Ibnu Batutah berjumpa dengan beberapa umat muslim dan menumpang rumahnya. Di Hangzhou, kota terbesar di dunia dalam sejarah abad pertengahan di Kekaisaran Tiongkok, dia berjumpa dengan pedagang muslim kaya.
Ada pula cerita pengalaman Ibnu Batutah tinggal bersama pemeluk agama Islam dari Mesir selama beberapa minggu. Selama menumpang ini, Ibnu Batutah dijamu makan, naik kapal, dan menyaksikan atraksi sulap.
Kemudian, dia bertemu dengan orang yang pernah ditemui di India di Fuzhou. Orang itu kini telah menjadi kaya dengan deskripsi lengkap "memiliki sekitar 50 budak kulit putih dan banyak budak perempuan, dan memberi saya masing-masing dua budak, bersama dengan banyak hadiah lainnya."

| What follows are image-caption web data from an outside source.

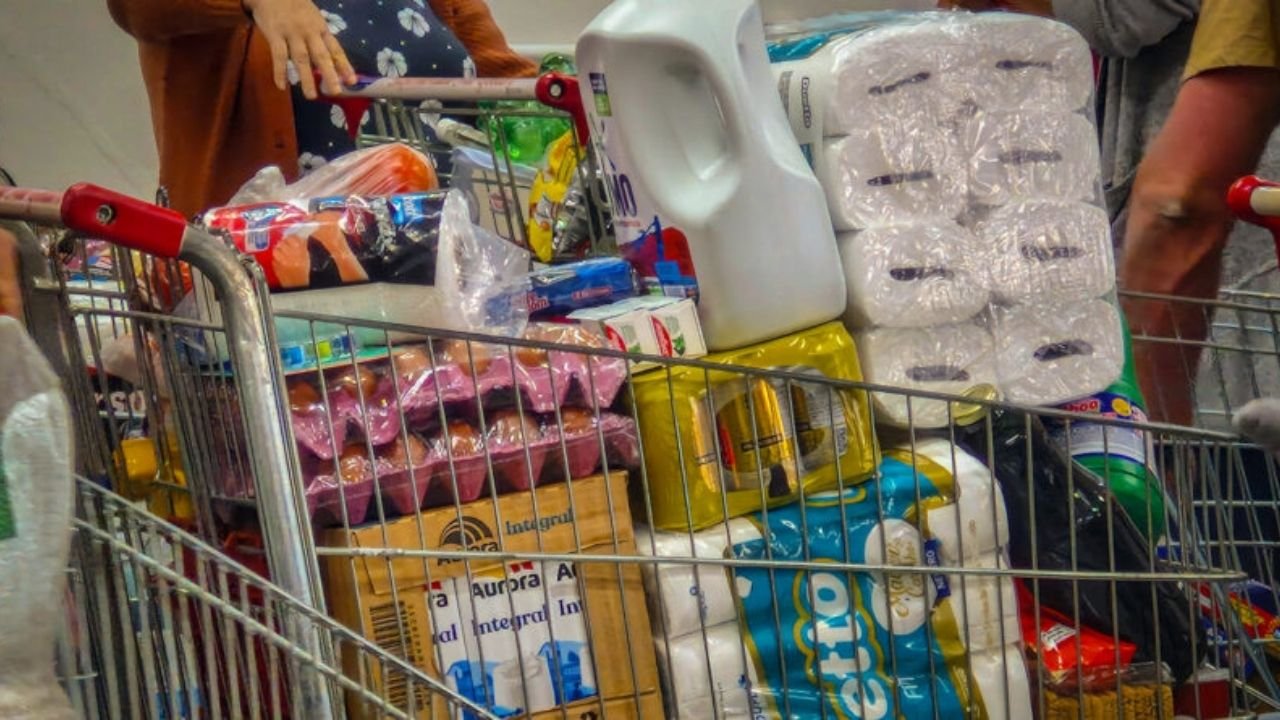 cesta básica em Navegantes,Procon de Navegantes,aumento de preços,inflação alimentos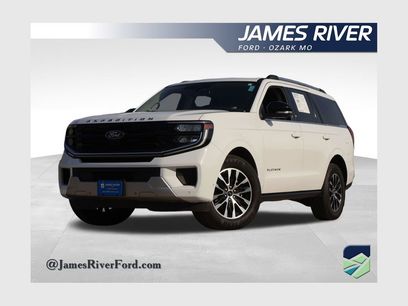 Certified 2025 Ford Expedition Platinum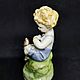 Винтаж: Royal Worcester! Английская статуэтка малыша. Статуэтки винтажные. Натали винтаж. Ярмарка Мастеров.  Фото №4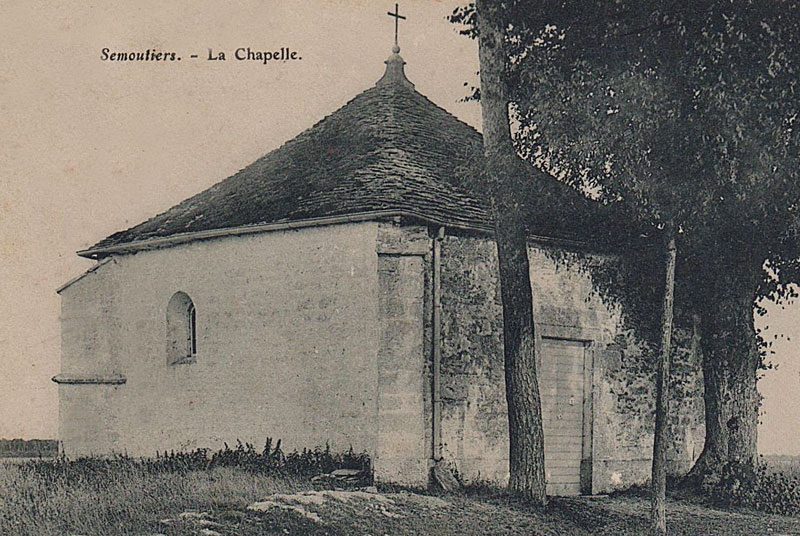 CHAPELLE SAINTE-ANASTASIE DE SEMOUTIERS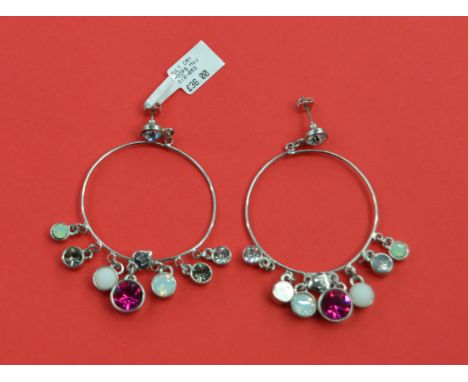 Pair of designer earrings RRP £36 [VAT INCLUDED IN THE HAMMER PRICE ON THESE LOT - note this doesn't affect non-VAT registere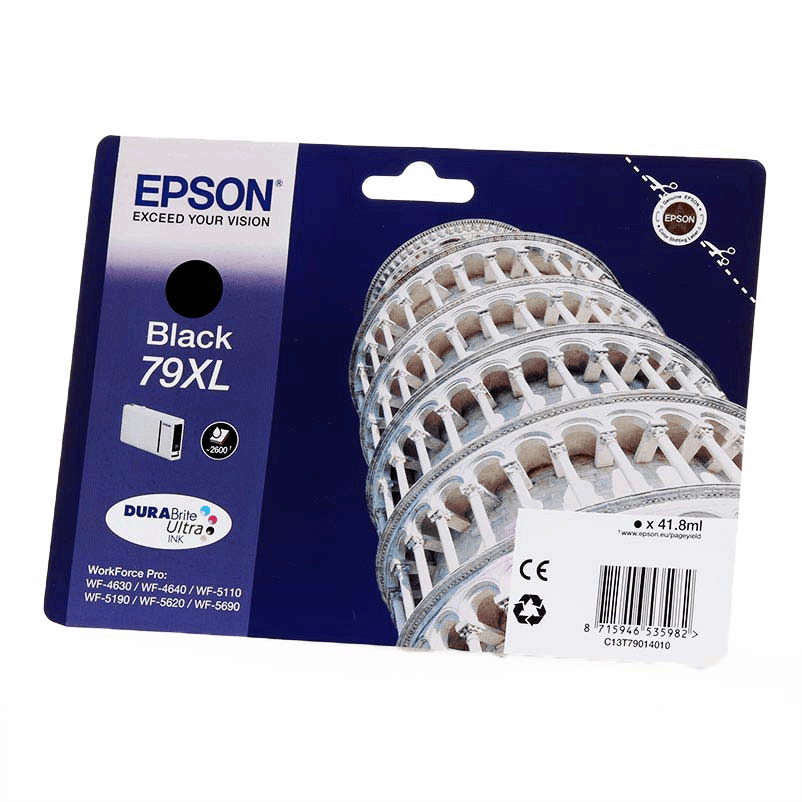 Epson Encre 79XL / C13T79014010 Noir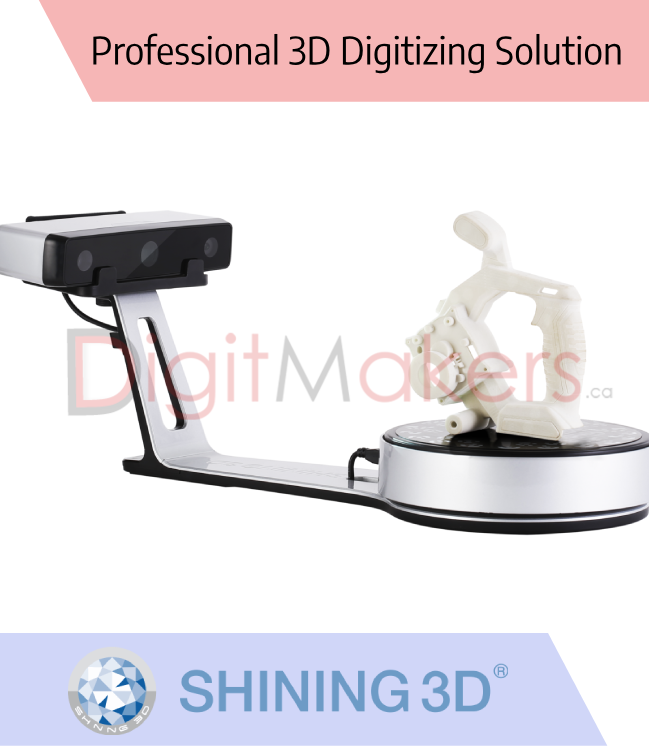 EinScan-SP 3D Scanner - Digitmakers.ca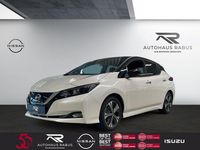 Gebraucht Nissan Leaf 360º 110 kW (150 PS) 2021 Weiß Kleinwagen
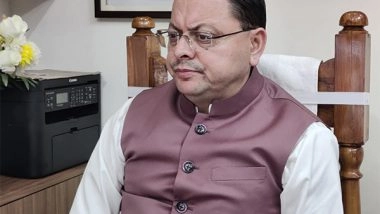 India News | Uttarakhand CM Dhami Directs 24x7 Alert as Heavy Rain Warnings Issued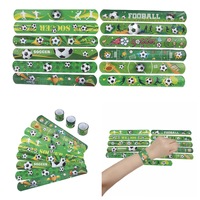 Set de 12 Pulseras de Bandera para Fiestas de Cumpleaños, Recuerdos para Bolsas de Regalo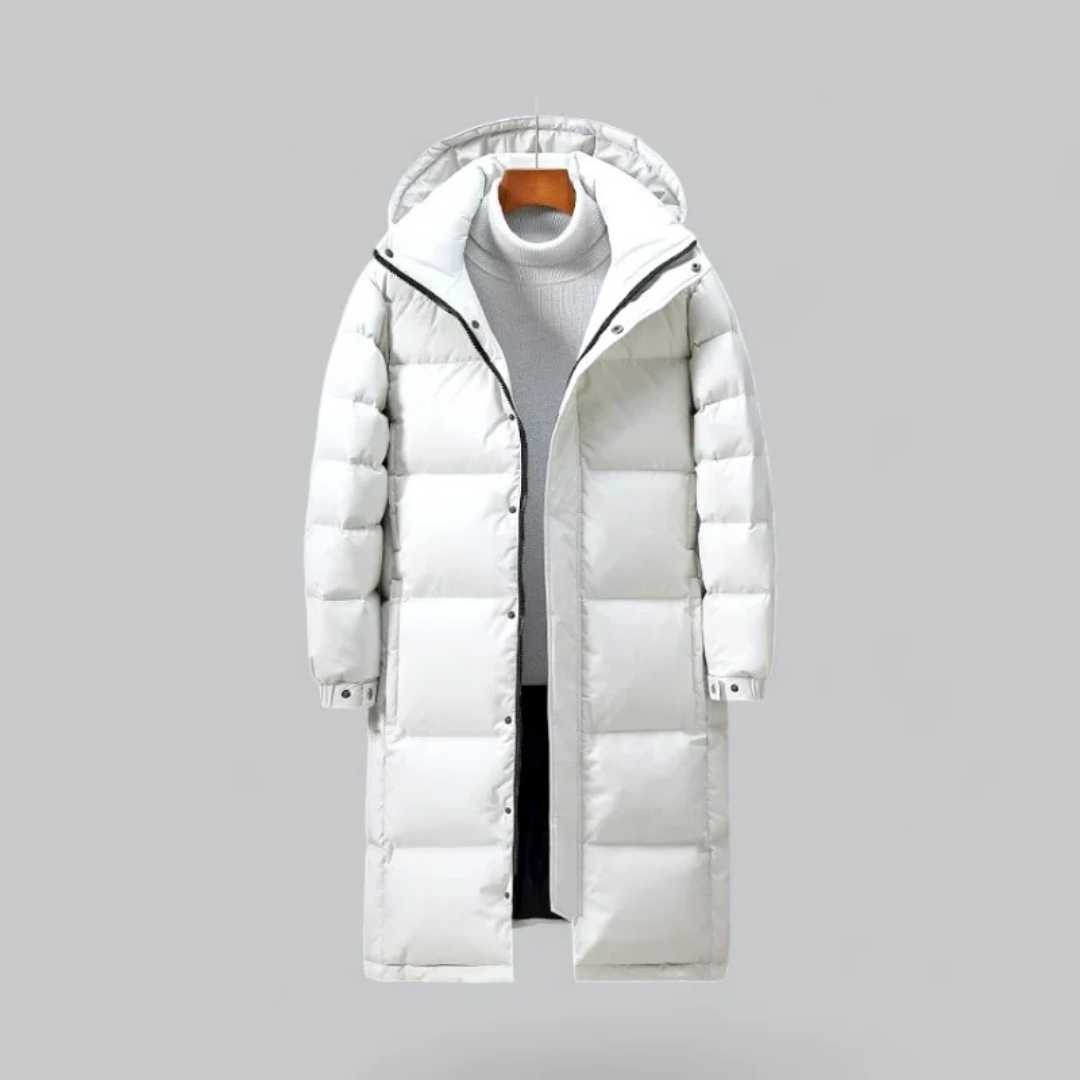 Doudoune D’Hiver À Capuche Pour Homme | Longue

Pada 1346, Ibnu Batutah berencana bertolak kembali ke Quanzhou. Dia akan pulang dari Kekaisaran Tiongkok melewati Selat Malaka untuk mengembalikan kapal jung milik Sultan Al Malik Al Zahir di Samudra Pasai. Setelah itu, ia berganti kapal untuk kembali ke Kesultanan Delhi India, Kekaisaran Ilkhanat (wangsa Mongol di Persia), dan Mamluk, sebelum akhirnya pulang ke Maroko.